To the homework game, that is.
Middle(7) has been signed up for a zoo school this year targeted to homeschoolers. They meet ten times, once a month, for two hours at a time. We were “assured” that one of the leaders had been a teacher and was up-to-date on curriculum standards and all that. Some of the moms laughed and whispered among ourselves that that wasn’t what was important to us. I should have known then . . . .
Zoo school has provided him with some opportunities, but it has also provided him with homework. For reasons that I haven’t completely figured out, he never wants to go, but he also has never regretted going or seemed at all upset when I picked him up. So I really didn’t want to push the homework thing. It was hard enough to get him there (Oldest, 9, informed me that I was using too much bribery) without also getting the homework done. Also, at his age and reading and writing level (three letter words and barely) guess who is actually doing the homework?
Yesterday was the second-to-last class, and there were assignments due – a game that he was supposed to create, a paper or poster on an animal he picked, and animal cards with facts on different animals for when he shows us around the zoo at the last class. We had some animal cards, but it’s not clear to me how he is going to use them since he can’t read them. He could hand them to us to read, but then he’s not showing us around the zoo, but just giving us information to read that I have probably gathered and added to the cards.
The game assignment didn’t call to him, but this was the assignment that sucked me in. I got myself in a dither about it.
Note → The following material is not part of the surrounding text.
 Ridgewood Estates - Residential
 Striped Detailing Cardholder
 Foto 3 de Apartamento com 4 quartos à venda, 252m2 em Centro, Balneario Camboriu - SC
Last month (when I thought it was due) I cut out a safari game that we had in PDF form, but of course it wasn't a game that Middle had created. He was worried too, and between us, we worked ourselves into a bit of a dither, with him saying he didn’t want to do it (with a mulish expression on his face), and me resentfully busting my ass to create a simple game for him.
Fortunately, I had to go out in the middle of the afternoon, and I had a chance to recognize what was happening. He wasn’t interested in completing the assignment. I didn’t think it was a good assignment (although it could be, for the right child), and I wasn’t particularly interested in completing it either. One of the reasons my kids don’t go to school is so that I don’t have to make them do stuff (or do it myself!) that none of us thinks is worth doing. I had been sucked into a situation that I always intended to avoid, and now I needed to extricate myself.
When I got back home I asked him what he wanted to do, and he said, “I don’t want to make a game.” I was okay with that and told him so. As it turned out, when I checked him in we were asked if he had the game and the report, and I could answer “no” and hopefully made it clear that I was fine with that. At any rate, he was happy when I picked him up, and I look forward to seeing the zoo through his eyes next month.